Nawawreh´s arrest has seriously embarrassed the Belgian authorities
and the Palestinian Authority. His alleged involvement in the armed
robberies was raised in the Belgian parliament on Thursday. Some
legislators demanded clarifications from the government about the
case.
Nawawreh was involved in the February 2001 murder of Tzahi Sasson in
a series of shootings at cars on the Jerusalem-Gush Etzion (tunnel)
road. Before he and his friends were deported, Nawawreh served as an
aide to Ibrahim Abayat, the head of the Aksa Martyrs Brigades in
Bethlehem.
Nawawreh and his colleagues have been pressuring the PA to raise
their case with Israel so that they would be allowed to return to the
West Bank. Their families have also staged sit-ins in Bethlehem
demanding that their sons be allowed to return.

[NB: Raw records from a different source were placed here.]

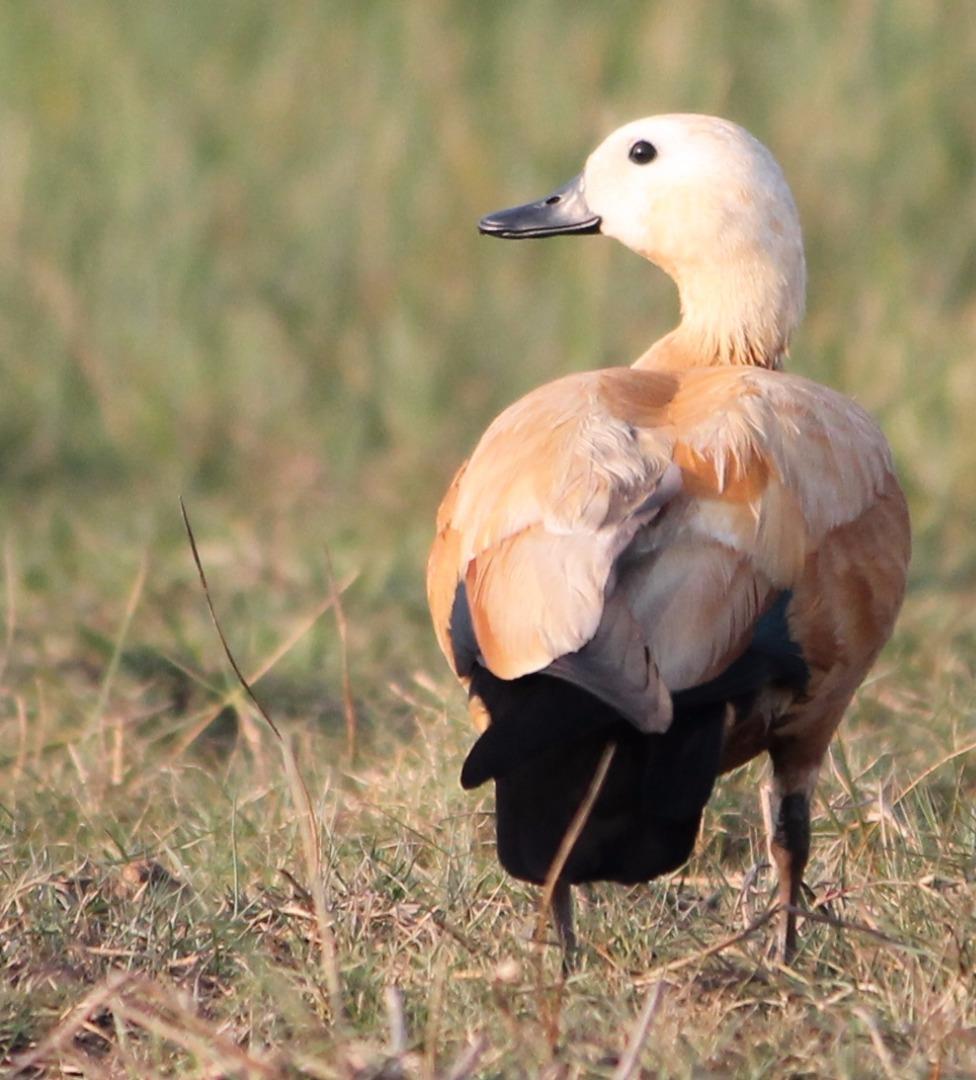 Ruddy Shell Duck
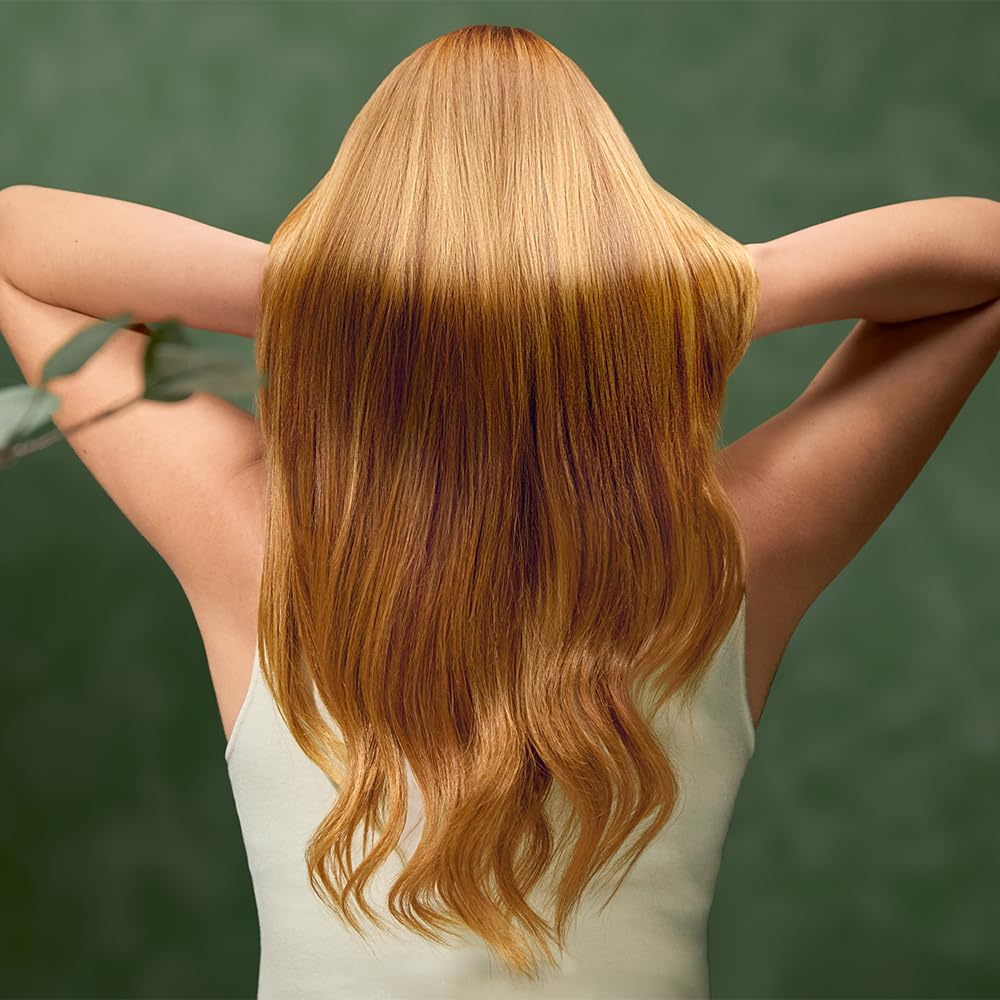 Cecotec Sèche-cheveux Compact IoniCare Dry&Keratin Cotton Candy. 1200W, 107000RPM, Moteur Brushless, Fonction Ionique, Tête avec Technologie NutriSerum et Dents Dures, Tête Concentratrice, Rose
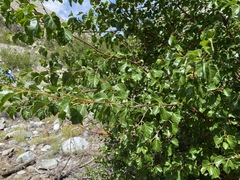 Betula occidentalis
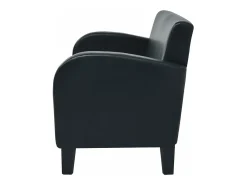Sofá|Helloshop26 Sofá de 2 lugares para sala de estar decoração de interiores couro sintético 02_0020738 Preto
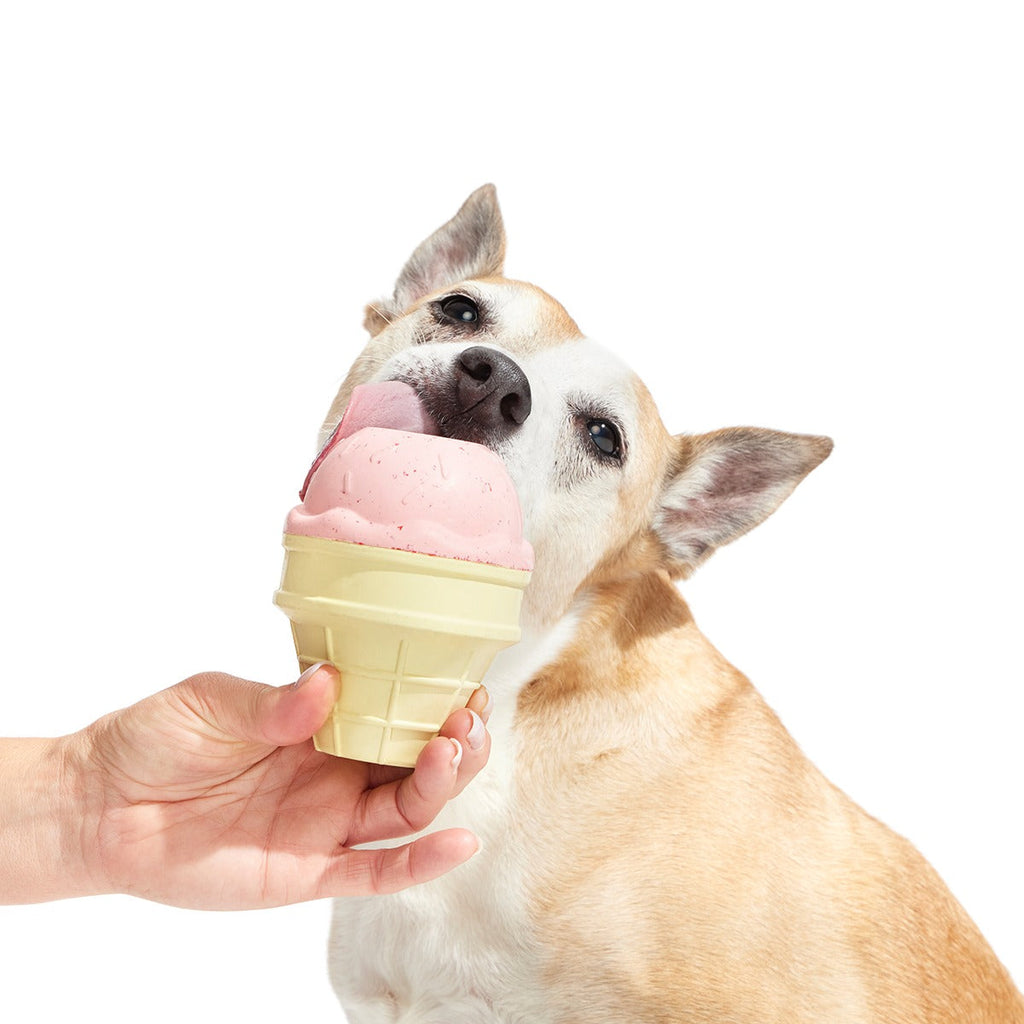 I Squeak Cone Super Chewer Durable Gnaw Dog Toy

Some of the European countries had expressed fear that the Bethlehem
deportees would turn to crime or terrorism because of their
problematic background. Residents of Bethlehem have complained that
some of the fugitives, especially those belonging to Fatah, had
imposed a reign of intimidation in the city. Two of them, now in
Spain and Ireland, are also believed to have raped two Christian
girls before killing them under the pretext of collaboration with
Israel.
According to some reports, British and Irish security forces are
looking into information that Jihad Ja´arah, one of the two deported
to Dublin, was in contact with the Real IRA. Irish sources said the
allegations had yet to be confirmed.
Ja´arah, 32, a resident of the al-Aroub refugee camp near Bethlehem,
was also a senior member of the Aksa Martyrs Brigades. Before he was
deported, he carried out a number of attacks and was responsible for
the murder of Maj. (res.) Amir Zohar near Nahal Elisha in November
2000. He also shot at a bus on the Jericho bypass road in December
2000, killing Sgt. Tal Gordon and crippling a woman.
In January 2002, Ja´arah was involved in the killing of Avi Boaz, a
handicapped man who was visiting friends in Beit Jala. Later that
year he dispatched a suicide bomber to carry out an attack in
Jerusalem. The man was killed when his car exploded prematurely.